The Paris-listed group, known for its silk scarves and Birkin handbags, reported on Thursday that sales rose 11.3 per cent to €3.7bn on a constant currency basis in the three months to September, in line with the €3.69bn forecast by analysts polled by LSEG.

While the luxury sector has been under pressure due to weakening consumer demand, especially in China, Hermès shares have risen 9 per cent this year. Meanwhile, rivals LVMH and Gucci owner Kering have fallen 15 and 41 per cent, respectively.

The 20 per cent sales growth across Europe excluding France, which was up 13 per cent, was fuelled by strong textiles, leather goods and perfume sales. Eric du Halgouët, executive vice-president finance, said on an investor call that the strong European performance was mainly driven by US and Middle Eastern tourists while there was a slight drop in Chinese buyers.

However, jewellery and watches, which together make up roughly 40 per cent of the brand’s revenue, missed expectations.

Watch sales, particularly, declined 18 per cent, twice as much as the forecast 9 per cent drop.

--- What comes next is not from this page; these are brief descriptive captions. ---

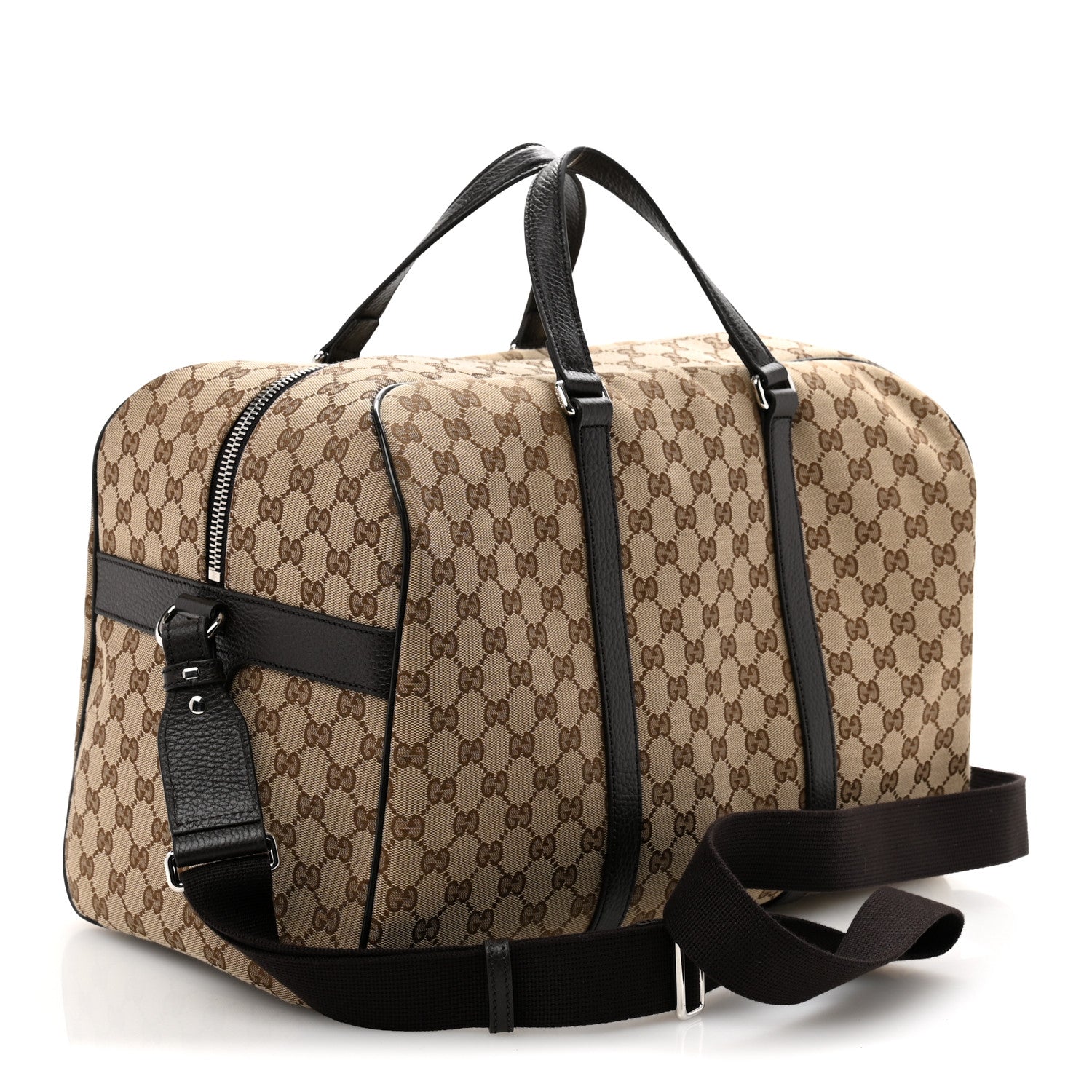 Gucci Monogram Dollar Calfskin Boston Duffle Bag Beige Ebony Testa di Moro Marrone Scuro 2 of 9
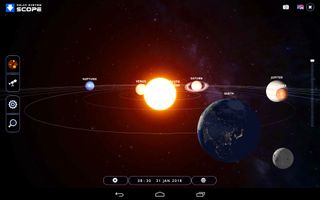 The free Solar System Scope app features a 3D model of the solar system that you can manipulate to better understand the motions of the moon and planets. You can select a specific date and time, or allow time to flow forwards and watch things move. Here, the Jan. 31, 2018 total lunar eclipse is modeled. The software is available in both browser and mobile versions, and includes a sky chart mode for night-time skywatchers.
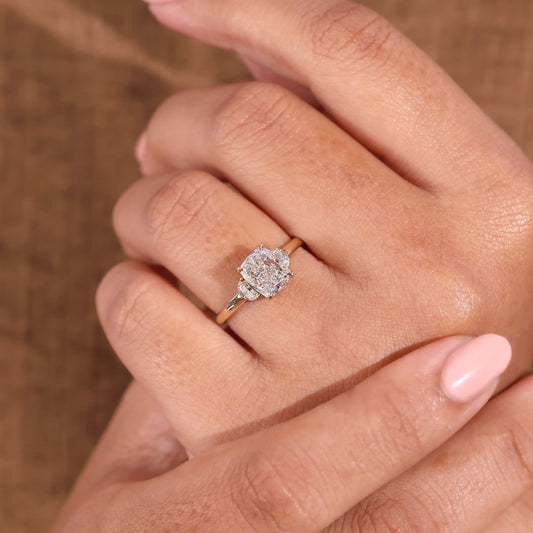 Elongated Cushion Lab Grown Diamond Ring, Half Moon Side Stones, Plain Ring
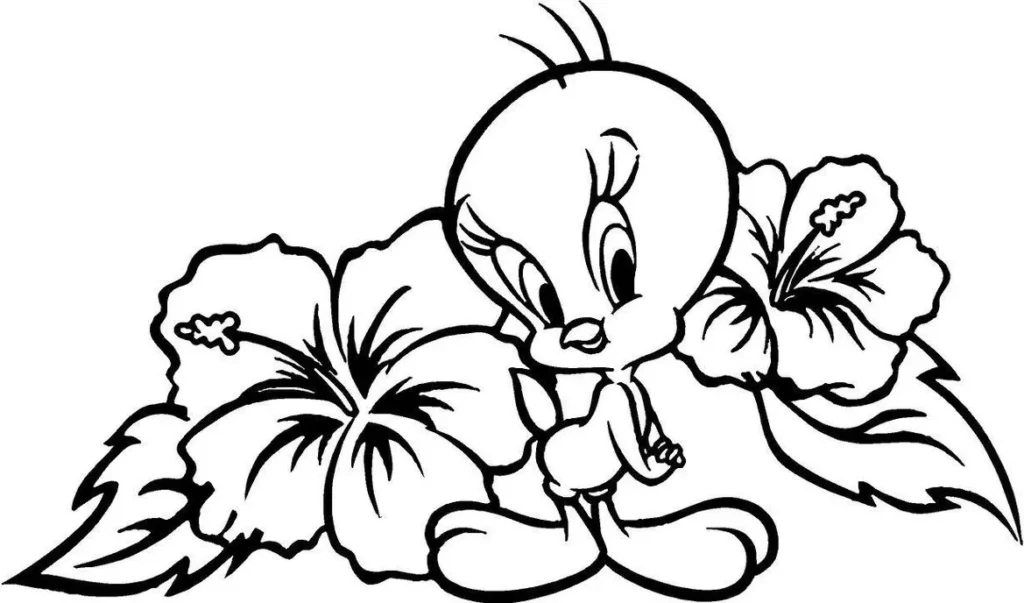 Desenhos de Piu Piu e Frajola Piu Piu entre as Flores Piu Piu sorrindo entre hibiscos. Desenho detalhado do canário Tweety em meio a flores vibrantes.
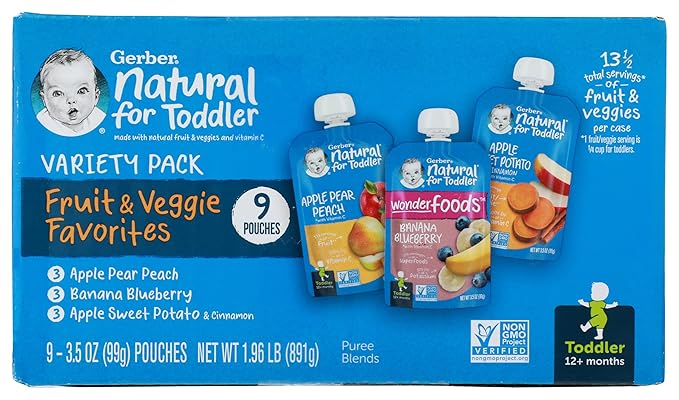 Gerber Stage 2 Baby Food, Fruit and Veggie Favorites Puree Pouches Variety Pack, No Added Sweetener, Baby Food Pouches, 9-Pack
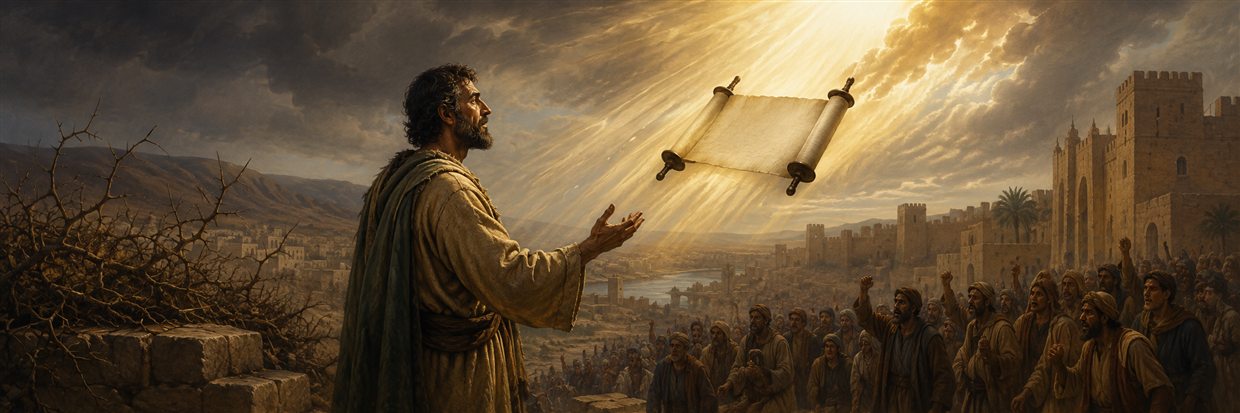 Ezekiel reaches toward a blank scroll in radiant light while a resistant crowd gathers below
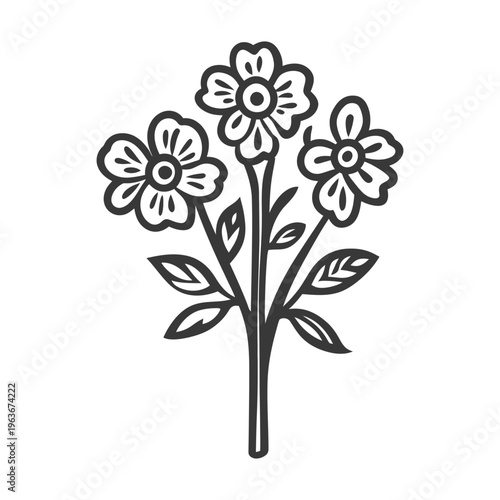 A simplistic drawing depicts three flowers on stems with leaves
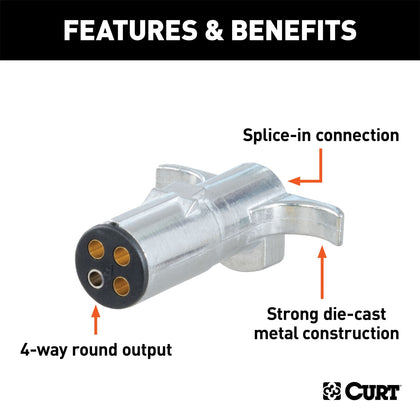 CURT 58060 4-Way Round Connector Plug
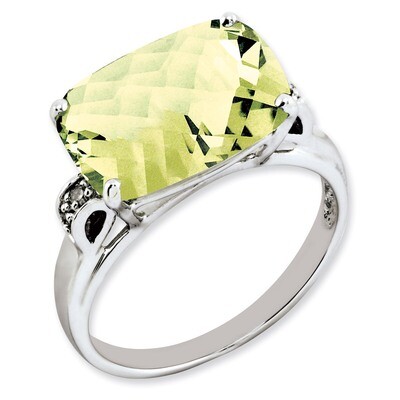 Lemon Quartz &amp; Diamond Ring Sterling Silver QR2936LQ, MPN: QR2936LQ, 883957360324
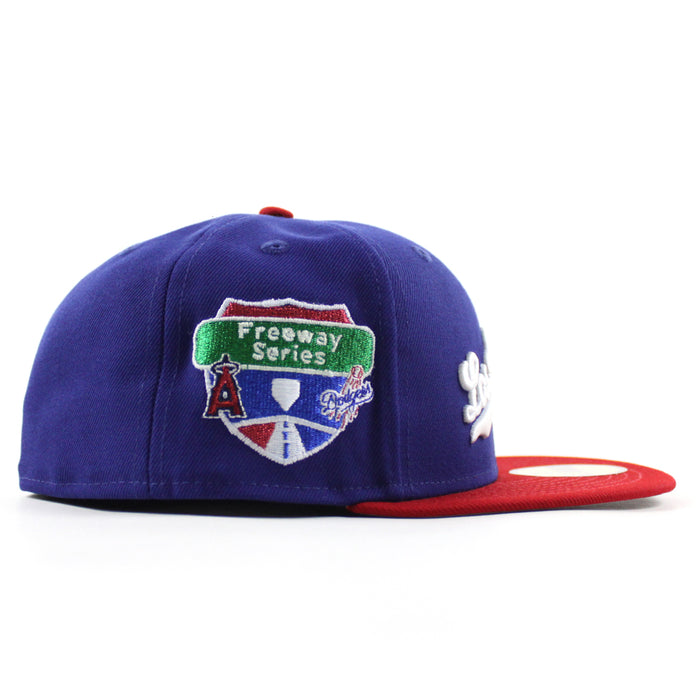 Los Angeles Dodgers Freeway Series New Era 59Fifty Fitted Hat (Royal Blue Scarlet Red Green Under Brim)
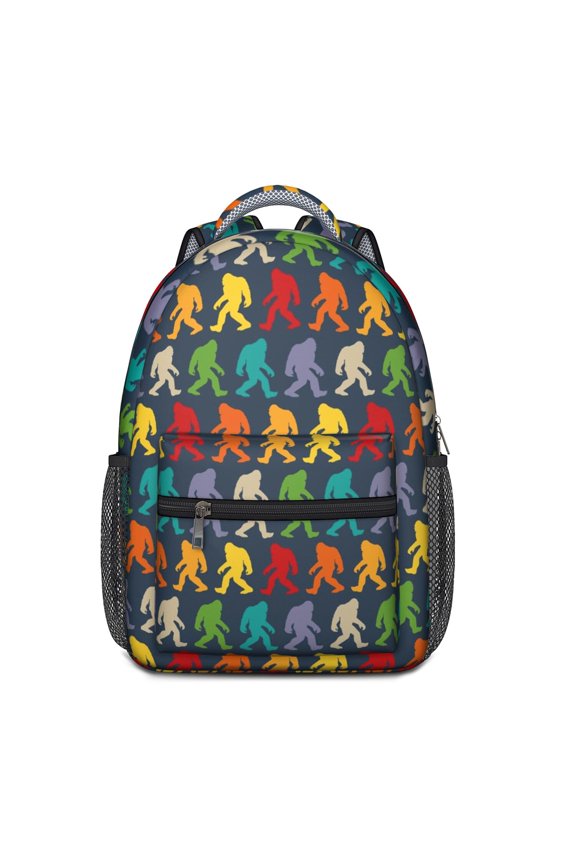 Colorful Bigfoot Pattern Backpack for School,Schoolbag with Adjustable Shoulder Straps & Padded Back,15.3"x11"x6.7"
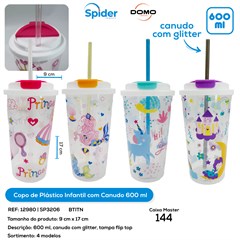 COPO DE PLASTICO 600ML INFANTIL COM CANUDO E TAMPA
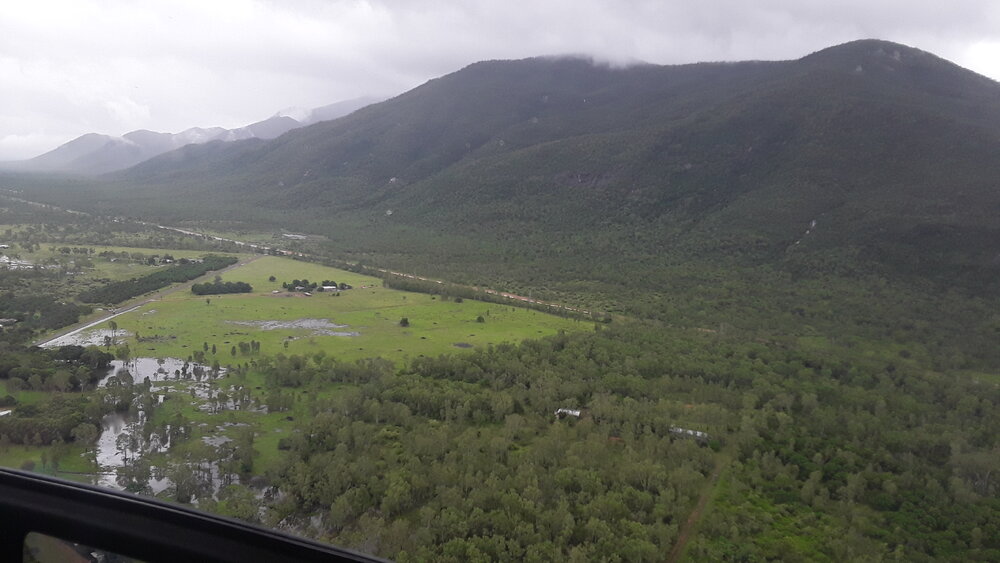Majors Creek, aerial photograph during floods, 2019. 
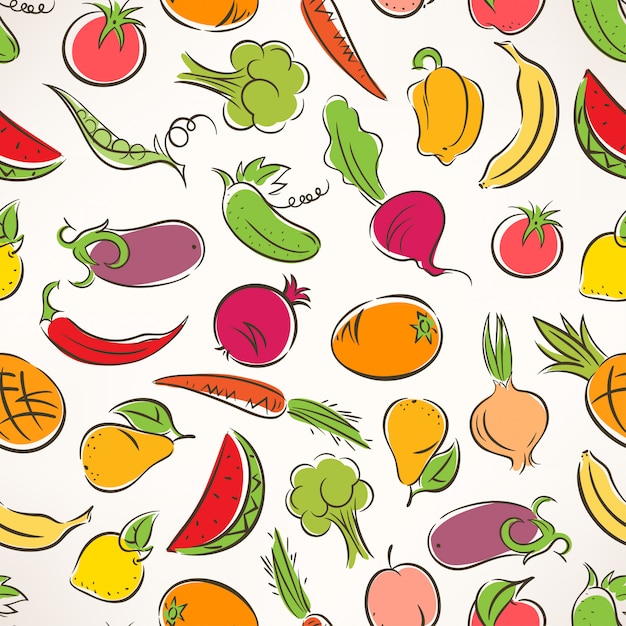 Premium Vector | Cute seamless colored background with stylized fruit ...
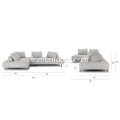 Sofa sectionnel en tissu gris Divan Wisp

Du Halgouët said this was part of a normalisation path following strong growth over the previous years.

Despite the sector’s downturn, analysts expect Hermès and Italy’s Prada Group — which is reporting earnings next week — to stand out.

Hermès said it was sticking to its medium-term revenue growth guidance despite geopolitical headwinds and monetary uncertainties.

Hermès has ramped up investments in its manufacturing capacity, marketing and IT while expanding its headcount and offering staff salary increases and a free share plan.

Citi said in a note: “The valuation premium seems justified by a more defensive business model with relatively good visibility on revenue growth, margins, cash flow and returns profile, particularly at a time when the luxury sector remains out of favour.”

The current 40 per cent earnings before tax and interest margin appeared to be a good “proxy” for the future, it added.